Muste is best known as a pacifist, a leader of the Fellowship of Reconciliation and the War Resisters League, who mentored Bayard Rustin, David McReynolds and scores of other activists committed to nonviolent resistance and was a leading light of the opposition to nuclear armaments and the early stages of the Vietnam War (he died in 1967). He had quite the interesting biography before all that. A protestant minister who quit his congregation to resist the first World War, he became a labor activist and leader of the failed Amalgamated Textile Workers union following the second Lawrence strike, headed up the radical Brookwood Labor College in the 1920’s and became a leading Trotskyite in the 1930’s. Here is where the Muste story gets particularly juicy and weird. Apparently, in 1936 Muste set sail for Europe to meet with the exiled Russian revolutionary. When he returned, he spoke little of the meeting but was no longer a Trotskyite and instead had returned to Christian pacifism.

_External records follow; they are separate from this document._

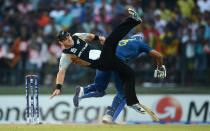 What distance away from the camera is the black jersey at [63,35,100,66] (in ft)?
39.0

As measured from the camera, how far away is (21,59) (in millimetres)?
17016

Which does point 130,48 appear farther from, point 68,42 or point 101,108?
point 101,108

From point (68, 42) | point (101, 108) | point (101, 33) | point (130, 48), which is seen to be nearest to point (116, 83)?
point (130, 48)

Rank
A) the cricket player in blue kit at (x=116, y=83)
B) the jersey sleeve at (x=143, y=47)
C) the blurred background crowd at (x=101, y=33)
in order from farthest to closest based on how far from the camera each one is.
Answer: the blurred background crowd at (x=101, y=33)
the cricket player in blue kit at (x=116, y=83)
the jersey sleeve at (x=143, y=47)

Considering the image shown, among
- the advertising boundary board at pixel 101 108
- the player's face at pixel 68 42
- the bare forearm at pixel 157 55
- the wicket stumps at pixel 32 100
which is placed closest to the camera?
the player's face at pixel 68 42

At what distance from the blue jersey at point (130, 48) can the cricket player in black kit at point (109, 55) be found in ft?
2.53

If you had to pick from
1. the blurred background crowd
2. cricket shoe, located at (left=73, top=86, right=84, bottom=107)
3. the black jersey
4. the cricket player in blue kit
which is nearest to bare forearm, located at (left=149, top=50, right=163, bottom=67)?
the cricket player in blue kit

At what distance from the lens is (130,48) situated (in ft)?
41.9

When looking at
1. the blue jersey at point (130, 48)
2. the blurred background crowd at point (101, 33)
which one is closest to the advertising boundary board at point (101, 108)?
the blurred background crowd at point (101, 33)

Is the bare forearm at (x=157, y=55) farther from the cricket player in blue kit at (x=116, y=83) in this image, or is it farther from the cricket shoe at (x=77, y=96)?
the cricket shoe at (x=77, y=96)

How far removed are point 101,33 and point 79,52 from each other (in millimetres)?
4266

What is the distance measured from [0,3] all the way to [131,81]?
8.35m

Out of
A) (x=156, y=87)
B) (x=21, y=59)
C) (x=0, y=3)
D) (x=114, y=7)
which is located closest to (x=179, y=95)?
(x=156, y=87)

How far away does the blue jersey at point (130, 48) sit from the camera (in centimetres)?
1262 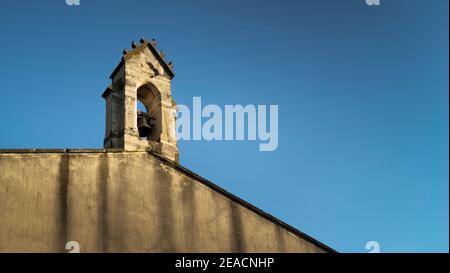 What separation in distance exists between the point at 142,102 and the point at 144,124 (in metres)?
0.73

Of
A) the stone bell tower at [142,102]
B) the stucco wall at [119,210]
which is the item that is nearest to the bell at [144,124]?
the stone bell tower at [142,102]

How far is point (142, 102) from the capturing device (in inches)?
512

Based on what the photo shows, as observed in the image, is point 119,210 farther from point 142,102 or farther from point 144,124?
point 142,102

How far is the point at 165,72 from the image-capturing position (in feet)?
42.7

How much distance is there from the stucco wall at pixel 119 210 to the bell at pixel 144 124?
2400mm

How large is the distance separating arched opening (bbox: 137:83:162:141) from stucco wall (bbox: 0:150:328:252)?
7.94 feet

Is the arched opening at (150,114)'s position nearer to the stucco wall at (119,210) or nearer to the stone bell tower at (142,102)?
the stone bell tower at (142,102)

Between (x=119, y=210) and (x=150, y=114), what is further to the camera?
(x=150, y=114)

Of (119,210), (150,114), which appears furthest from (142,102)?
(119,210)

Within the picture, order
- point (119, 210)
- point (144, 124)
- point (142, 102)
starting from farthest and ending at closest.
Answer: point (142, 102) < point (144, 124) < point (119, 210)

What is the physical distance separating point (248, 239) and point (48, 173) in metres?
3.35

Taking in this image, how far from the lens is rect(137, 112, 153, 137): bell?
1248 centimetres

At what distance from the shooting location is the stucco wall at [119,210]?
8.98 metres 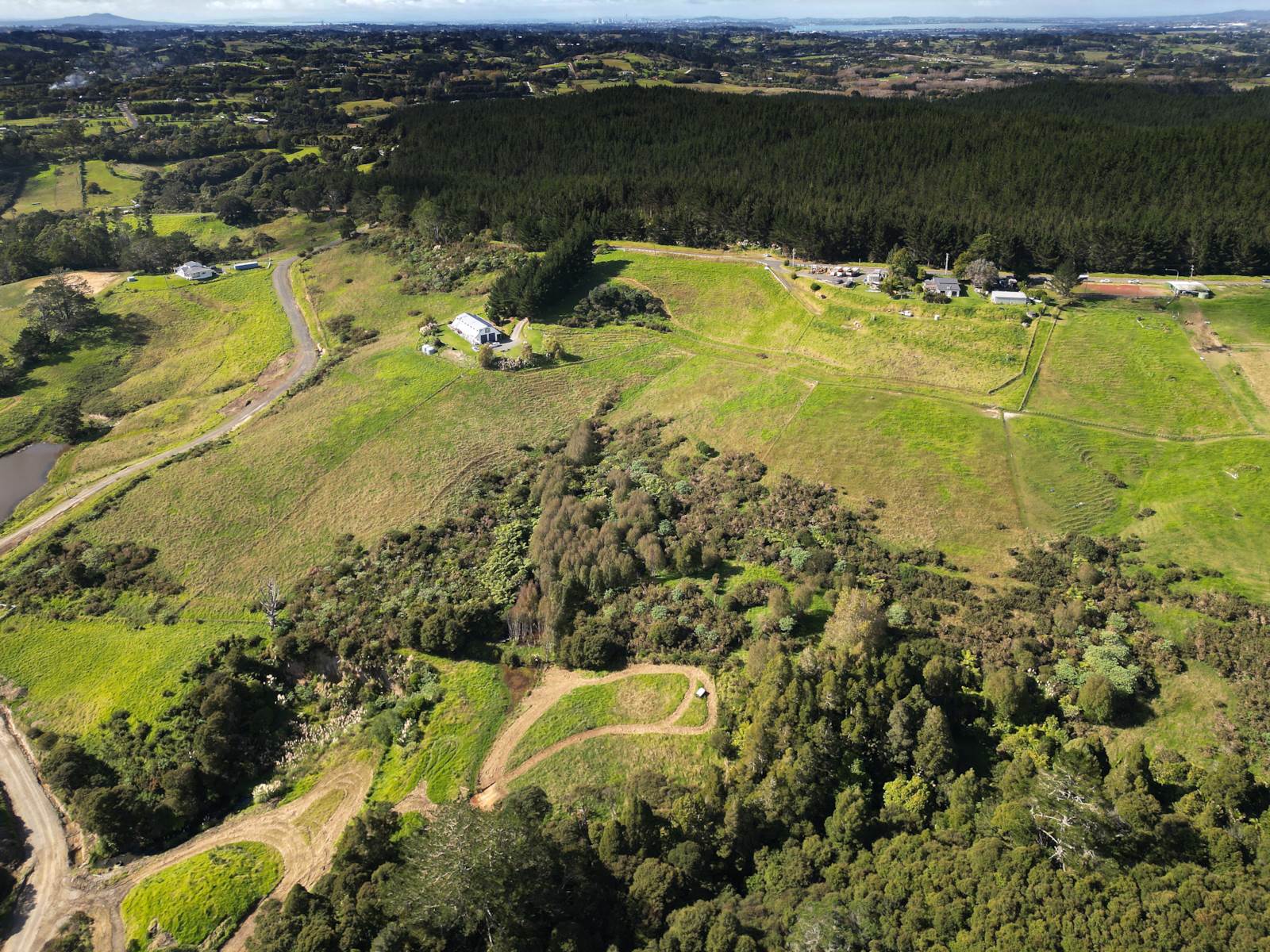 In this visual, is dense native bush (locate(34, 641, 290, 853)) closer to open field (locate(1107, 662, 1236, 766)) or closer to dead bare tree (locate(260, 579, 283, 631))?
dead bare tree (locate(260, 579, 283, 631))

Hentoff unfortunately skims over the details of Muste’s labor activism. That’s a great disappointment because while I am familiar with Muste’s pacifist work, I was shocked to find venomous denunciation of “the Musteites” in so many Communist Party-related publication starting around the mid-1920’s while researching Michael J. Obermeier, Foster and others. That’s why this observation from Muste about Foster’s visit to Brookwood in 1923 is so tantalizing and frustrating:
“One of the questions in the minds of all labor activists at that time was whether Bill had joined the Communist Party. He sought to create the impression that he had not. I have carried with me all through the years a vivid recollection of that day nearly forty years ago. I have lived it over again at fairly frequent intervals since. It was a feeling of uneasiness, certainly not of hostility in the personal sense. I felt there was a human being inside him, but that it was under restraint, hidden somewhere. The element of straightforwardness was now lacking. There he was, over there, and here I was. It would remain so.”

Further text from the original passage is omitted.